Tossed to and fro in the sea of history, the Aquinos have survived them all: the patriarch Benigno Aquino Sr. facing charges of collaborating with the Japanese during World War II and dying of a heart attack in 1947, robbing his little boy of his hero; the incarceration of Benigno “Ninoy” Aquino Jr. and his solitary confinement in Laur and his assassination purportedly by a Malacañang-backed death squad; Cory Aquino’s rise to the presidency later on bludgeoned by six coup attempts; and now Benigno “Noynoy” Aquino III’s presidency and his bloopers in the course of his rocky ride to the finish line less than two years away from now.
No doubt, as is often the case in most families who have hoisted the flags of their legacy to the world their forebears had left behind, the Aquinos have a brand name that encapsulizes their reason for being, a brand name that has become synonymous with democracy or, at least, its restoration after the 1986 EDSA Revolution, a brand name that strikes fear in the hearts of corrupt officials who have become poster boys and girls of the kleptocratic nature of our government.
“The most important thing now is to protect that legacy admittedly already tarnished by controversies that now surround the Disbursement Acceleration Program (DAP) issue,” a source close to the Aquino family said. “Nothing will permanently damage that legacy more than the certainty of a jail term for Noynoy after he steps down in 2016.”
The source, asking not to be named, said the truth behind the Aquino sisters’ backing of Binay in his bid for the presidency is the fact that only Binay alone, once he becomes president, can protect Noynoy from landing in jail.
“Mar Roxas keeps lagging behind in surveys and the sisters cannot risk alienating Binay by supporting Roxas,” the source added. “The truth is not about Binay’s loyalty to the Aquino family but the fact that once Binay becomes president, the sisters can be certain Binay will not send Noynoy to jail.”
The unconstitutionality of DAP has, no doubt, risen as the Damocles sword that threatens to whittle Ninoy’s martyrdom down to a mere footnote in history as a farce.
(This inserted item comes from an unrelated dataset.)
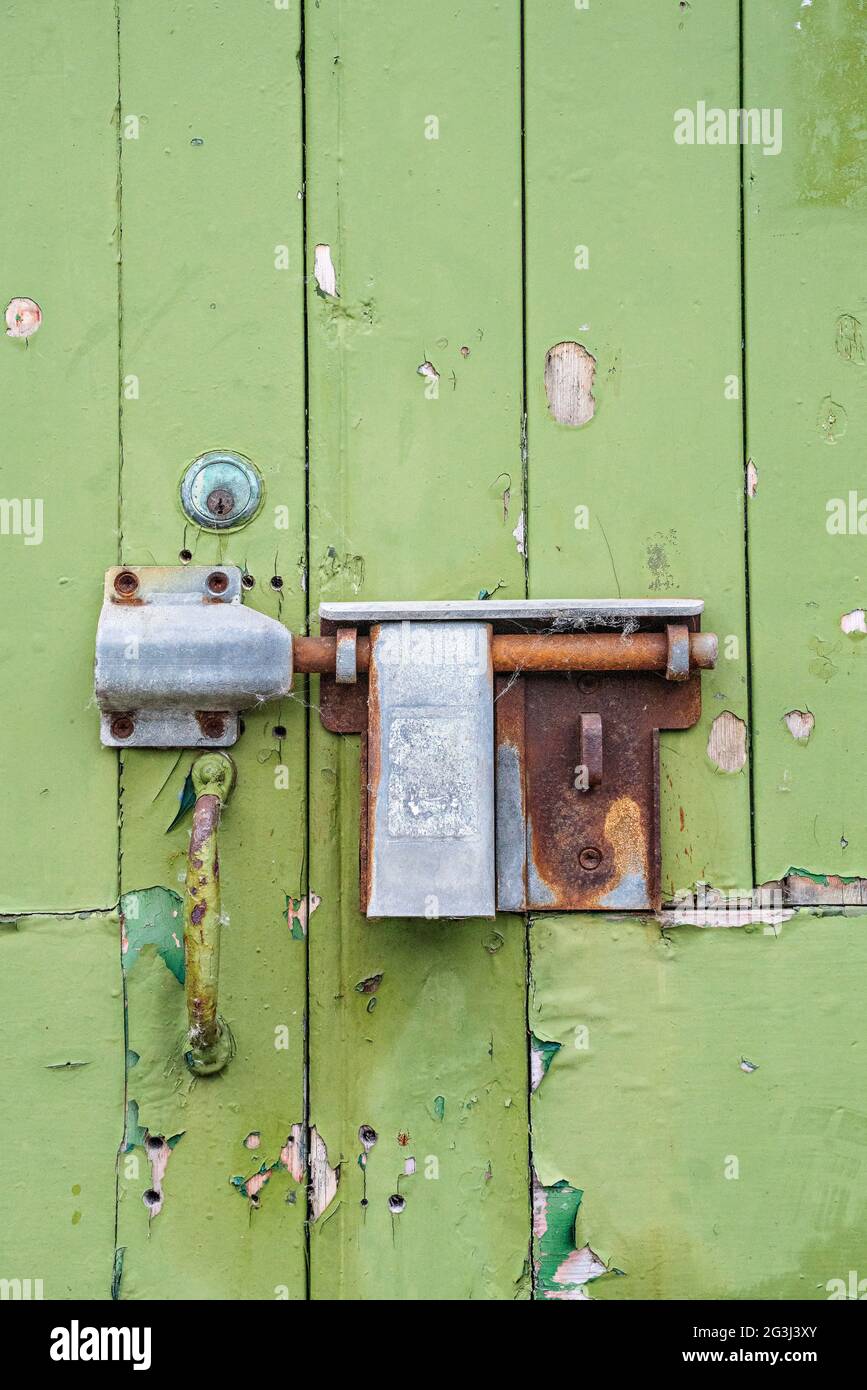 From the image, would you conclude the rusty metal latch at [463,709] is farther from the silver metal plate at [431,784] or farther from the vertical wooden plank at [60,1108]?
the vertical wooden plank at [60,1108]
For it led only to his son’s bastardization of democracy for which he died, his death a signal for the march towards the systematic dismantlement of the democratic institutions Filipinos hold dear in their hearts.
“It was only under Noynoy’s leadership that the Constitution has been treated like a mere scrap of paper,” the source said. “Noynoy has led us to perilous times in which, once the dam bursts, we will all be thrown back to the Dark Ages.”
Hemmed in on all sides by controversies hounding Malacañang, the Aquino sisters have pinned down the root of all evil: The Hyatt 10 whom they see as the ones orchestrating the machinations that eventually led to the malodorous DAP. But aware that they cannot just put all the blame on them, exposing P-Noy’s do-nothing presidency, they simply opted to sweep the truth under the rug and go all-out for Binay in the name of “loyalty.”
Alas, fear of jail, euphemistically called “loyalty”, has become the dominant force that will propel P-Noy’s administration up to its dying breath in 2016. Everything, from redefining “savings” in Congress to amending the Constitution to prolong P-Noy’s term, sprang from that singular motive: To keep Noynoy away from jail at all costs.
“In effect, since that is the all-consuming purpose of this administration, P-Noy has become a lame-duck president, unable from now on to perform for the welfare of the country obsessed as he is, along with his sisters, with ensuring his freedom from jail after his term ends in 2016,” the source said.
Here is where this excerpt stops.